Each line starting at the one that contains "SpongeBob Backpack StudentPack" and ending at the one that contains "Seashells in Viva" must be returned exactly, and the rest of the listing is left out.
====================
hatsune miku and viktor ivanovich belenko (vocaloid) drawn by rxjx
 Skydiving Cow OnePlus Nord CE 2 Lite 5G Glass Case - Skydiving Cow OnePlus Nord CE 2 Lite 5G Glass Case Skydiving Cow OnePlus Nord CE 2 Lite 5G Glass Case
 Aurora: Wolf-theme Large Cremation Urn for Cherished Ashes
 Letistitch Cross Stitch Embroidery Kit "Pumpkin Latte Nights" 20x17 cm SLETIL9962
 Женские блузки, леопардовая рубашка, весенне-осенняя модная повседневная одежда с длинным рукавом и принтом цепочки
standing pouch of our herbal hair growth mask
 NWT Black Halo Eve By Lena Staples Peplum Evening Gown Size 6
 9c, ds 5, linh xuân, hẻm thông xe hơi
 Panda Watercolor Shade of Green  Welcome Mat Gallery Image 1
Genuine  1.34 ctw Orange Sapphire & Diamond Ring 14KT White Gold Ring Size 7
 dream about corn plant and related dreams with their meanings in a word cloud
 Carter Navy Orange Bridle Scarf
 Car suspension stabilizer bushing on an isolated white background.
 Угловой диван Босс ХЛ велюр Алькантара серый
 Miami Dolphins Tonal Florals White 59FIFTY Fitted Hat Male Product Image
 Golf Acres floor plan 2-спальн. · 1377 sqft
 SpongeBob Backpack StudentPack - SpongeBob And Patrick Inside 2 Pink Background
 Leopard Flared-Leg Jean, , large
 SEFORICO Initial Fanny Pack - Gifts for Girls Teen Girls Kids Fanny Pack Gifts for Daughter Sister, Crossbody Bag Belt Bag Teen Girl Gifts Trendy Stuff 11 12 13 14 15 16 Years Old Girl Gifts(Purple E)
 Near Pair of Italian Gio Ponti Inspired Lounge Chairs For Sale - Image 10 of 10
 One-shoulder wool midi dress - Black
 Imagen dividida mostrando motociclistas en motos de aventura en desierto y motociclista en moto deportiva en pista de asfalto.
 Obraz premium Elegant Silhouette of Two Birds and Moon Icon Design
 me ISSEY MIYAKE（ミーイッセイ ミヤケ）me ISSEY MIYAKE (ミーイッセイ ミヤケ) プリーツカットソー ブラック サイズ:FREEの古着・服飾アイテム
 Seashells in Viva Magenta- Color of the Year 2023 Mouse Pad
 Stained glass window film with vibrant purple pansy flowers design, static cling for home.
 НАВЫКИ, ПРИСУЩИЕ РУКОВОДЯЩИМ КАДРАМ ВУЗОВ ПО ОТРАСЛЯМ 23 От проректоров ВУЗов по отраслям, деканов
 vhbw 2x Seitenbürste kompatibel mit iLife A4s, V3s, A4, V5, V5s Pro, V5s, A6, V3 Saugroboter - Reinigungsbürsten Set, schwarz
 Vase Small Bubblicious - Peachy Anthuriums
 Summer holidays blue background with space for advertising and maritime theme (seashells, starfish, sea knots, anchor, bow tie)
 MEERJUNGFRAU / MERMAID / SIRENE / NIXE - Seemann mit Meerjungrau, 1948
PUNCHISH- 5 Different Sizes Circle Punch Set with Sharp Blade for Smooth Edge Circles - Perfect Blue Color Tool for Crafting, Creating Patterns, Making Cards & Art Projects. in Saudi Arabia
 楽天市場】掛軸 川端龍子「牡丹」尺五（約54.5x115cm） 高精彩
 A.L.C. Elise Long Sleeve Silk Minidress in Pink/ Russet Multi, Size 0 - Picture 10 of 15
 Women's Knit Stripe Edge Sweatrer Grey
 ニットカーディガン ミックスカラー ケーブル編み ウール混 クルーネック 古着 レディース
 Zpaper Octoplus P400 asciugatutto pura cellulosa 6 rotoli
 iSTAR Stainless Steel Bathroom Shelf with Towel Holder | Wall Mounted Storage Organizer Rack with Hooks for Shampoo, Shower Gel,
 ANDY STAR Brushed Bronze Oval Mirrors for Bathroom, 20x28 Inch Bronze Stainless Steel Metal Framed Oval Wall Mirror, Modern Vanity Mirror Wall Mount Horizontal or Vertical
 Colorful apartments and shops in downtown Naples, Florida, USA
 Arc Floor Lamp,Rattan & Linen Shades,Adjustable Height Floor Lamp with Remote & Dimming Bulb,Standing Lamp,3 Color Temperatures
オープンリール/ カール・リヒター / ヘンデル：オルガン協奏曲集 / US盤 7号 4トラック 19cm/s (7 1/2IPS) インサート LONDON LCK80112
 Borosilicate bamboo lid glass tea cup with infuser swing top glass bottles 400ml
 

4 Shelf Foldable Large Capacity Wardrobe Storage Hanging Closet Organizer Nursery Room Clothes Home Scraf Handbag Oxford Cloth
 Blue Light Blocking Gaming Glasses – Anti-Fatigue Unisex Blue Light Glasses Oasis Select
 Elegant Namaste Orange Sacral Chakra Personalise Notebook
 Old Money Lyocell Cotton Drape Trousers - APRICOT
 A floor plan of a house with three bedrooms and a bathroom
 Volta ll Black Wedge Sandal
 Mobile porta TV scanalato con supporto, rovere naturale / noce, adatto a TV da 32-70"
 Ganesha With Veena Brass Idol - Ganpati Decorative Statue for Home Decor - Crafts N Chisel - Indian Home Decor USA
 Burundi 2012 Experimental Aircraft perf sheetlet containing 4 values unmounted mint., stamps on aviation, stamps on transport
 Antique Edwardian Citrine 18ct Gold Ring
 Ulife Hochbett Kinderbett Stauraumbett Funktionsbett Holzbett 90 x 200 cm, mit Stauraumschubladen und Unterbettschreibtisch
====================
Result below ->
 SpongeBob Backpack StudentPack - SpongeBob And Patrick Inside 2 Pink Background
 Leopard Flared-Leg Jean, , large
 SEFORICO Initial Fanny Pack - Gifts for Girls Teen Girls Kids Fanny Pack Gifts for Daughter Sister, Crossbody Bag Belt Bag Teen Girl Gifts Trendy Stuff 11 12 13 14 15 16 Years Old Girl Gifts(Purple E)
 Near Pair of Italian Gio Ponti Inspired Lounge Chairs For Sale - Image 10 of 10
 One-shoulder wool midi dress - Black
 Imagen dividida mostrando motociclistas en motos de aventura en desierto y motociclista en moto deportiva en pista de asfalto.
 Obraz premium Elegant Silhouette of Two Birds and Moon Icon Design
 me ISSEY MIYAKE（ミーイッセイ ミヤケ）me ISSEY MIYAKE (ミーイッセイ ミヤケ) プリーツカットソー ブラック サイズ:FREEの古着・服飾アイテム
 Seashells in Viva Magenta- Color of the Year 2023 Mouse Pad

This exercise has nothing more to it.